- Born: April 29, 1953 Bugok, South Korea
- Died: March 12, 2024 (aged 70) Los Angeles, California, U.S.
- Education: University of California, Berkeley (BA, MA, MFA)
- Known for: installation art, photography, printmaking, mixed media

Korean name
- Hangul: 민영순
- RR: Min Yeongsun
- MR: Min Yŏngsun

= Yong Soon Min =

Korean American artist (1953–2024)

Yong Soon Min (April 29, 1953 – March 12, 2024) was a South Korean-born American artist, curator, and educator. She served as professor emeritus at the University of California, Irvine. Her artwork deals with issues including Korean-American identity, politics, personal narrative, and culture. Min was active in New York City and Los Angeles.

== Biography ==
Yong Soon Min was born on April 29, 1953, in Bugok, South Korea. Her family immigrated to the United States in 1960, settling in Monterey, California. Min met her father for the first time around age eight, because he had moved to the United States earlier than the rest of the family.

Min attended the University of California, Berkeley (UC Berkeley), where she received her B.A. degree (1975), M.A. degree (1977), and M.F.A. degree (1979). One of her classmates at UC Berkeley was artist Theresa Hak Kyung Cha. In 1981, Min was part of the Independent Study Program at the Whitney Museum of American Art.

Min was married to artist Allan deSouza in 1992, whom she often collaborated with on artwork. They were divorced before her death.

In 2001, she was awarded the Anonymous Was A Woman Award. Other awards include the Fulbright Fellowship (2010–2011), Rockefeller Foundation Grant (2003), and the National Studio Program at P.S.1 (1991).

She was an administrative coordinator for the Asian American Arts Alliance and a member of the Godzilla Asian American Arts Network and GYOPO.

She exhibited her work in biennials held in Havana, Gwangju and Guangzhou.

Yong Soon Min died at her home in Los Angeles, on March 12, 2024, at the age of 70.

== Work ==
Her early work was primarily graphic or photography based; and by the mid-1980s she started to work more in installation art.

In her 1989 work Make Me, Min photographed herself and split each image in two, cutting out words such as "Exotic" and "Immigrant". It became part of the New Museum portion of the 1990 exhibition "The Decade Show: Frameworks of Identity in the 1980s".

Min's installation work deColonization (1991) was centered around a traditional Korean dress in white with gold lettering, placed near four panels that told the story of women in Korea during the United States occupation and an assemblage of Korean book and clay pots filled with rice.
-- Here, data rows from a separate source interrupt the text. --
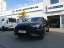 Audi Q8 60 TFSI Hybride Quattro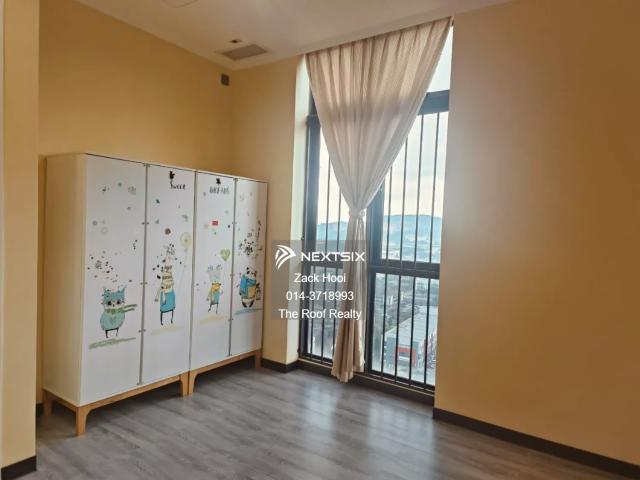 Residential House for sale in Johore Bahru, Johor
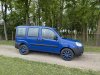Slika 16 - Fiat Doblo 1,4  - MojAuto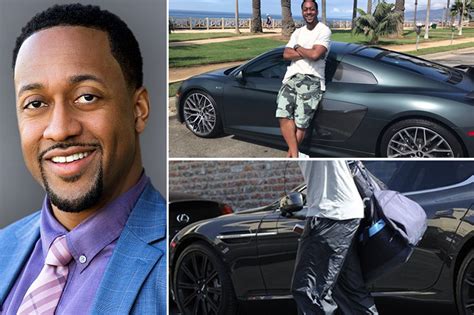 Cars Of The Rich And Famous How Much Do Celebrities Spend On Their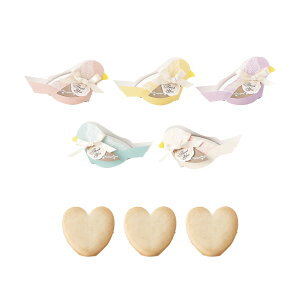 EFJo[hv`in[gNbL[ jPi ǉ1 v`Mtg   َq   n[g  EFfBO p[eB[ 񎟉 Mtg o  Ԃyԕis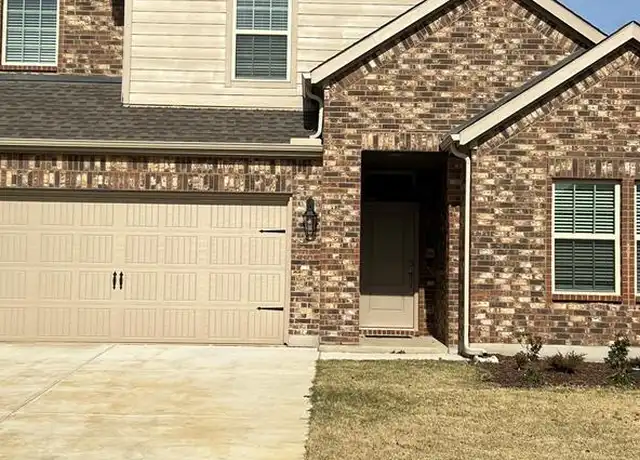 Property at 10517 Breezeway Dr, Aubrey, TX, 76227, 4 beds, 3 baths, [object Object]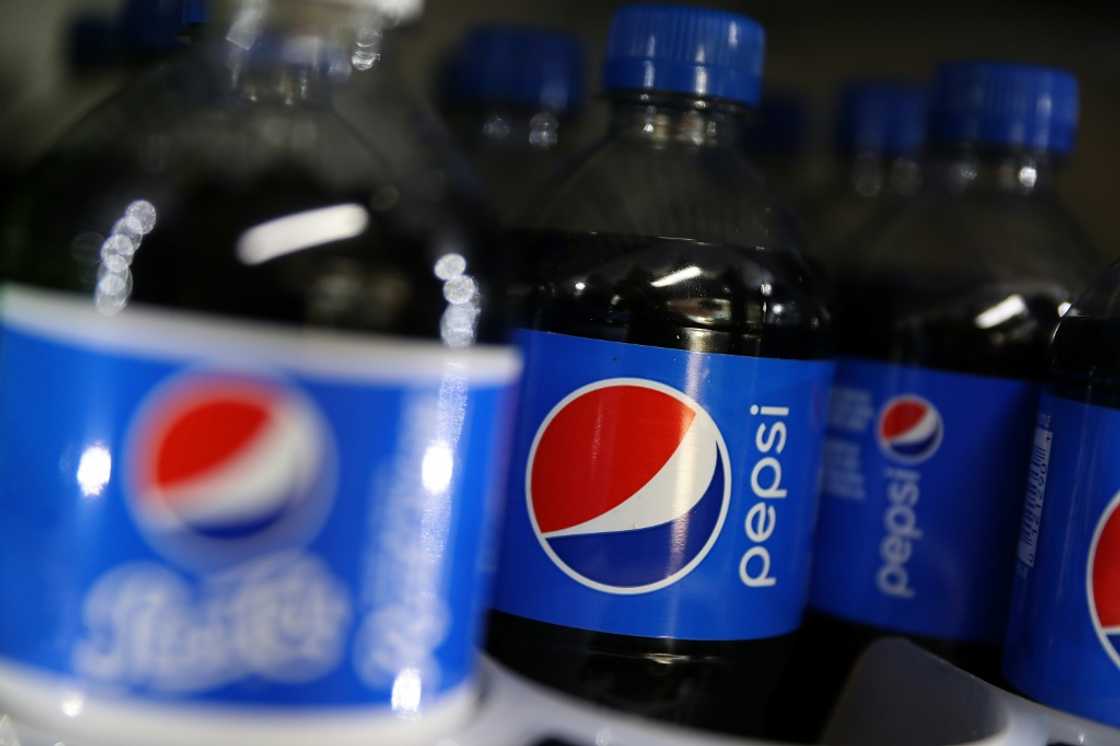 New York accuses PepsiCo of harming the public and failing to warn consumers of the health and environmental threats posed by its packaging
She used the dress as a metaphor to explore her own history and identity as a Korean-American and the Korean books and clay rice pots allude to Korean Buddhism.

In her 1992 series "Defining Moments", Min photographed herself and filled her form with images of the Gwangju Uprising, which was a 1980 protest by South Korean students against a military dictator that was violently suppressed.

A brain hemorrhage that Min suffered in 2011 informed the works in her 2016 show held at the Commonwealth and Council gallery in Los Angeles. The works included AVM: After Venus (Mal)formation, which had a table split into triangles, each with its own word written on it.

At the time of her death, Min's work was featured in an exhibition about the Godzilla Asian American Arts Network at the Eric Firestone Gallery in New York City, while works from "Defining Moments" were included in a survey called "Scratching at the Moon" at ICA LA.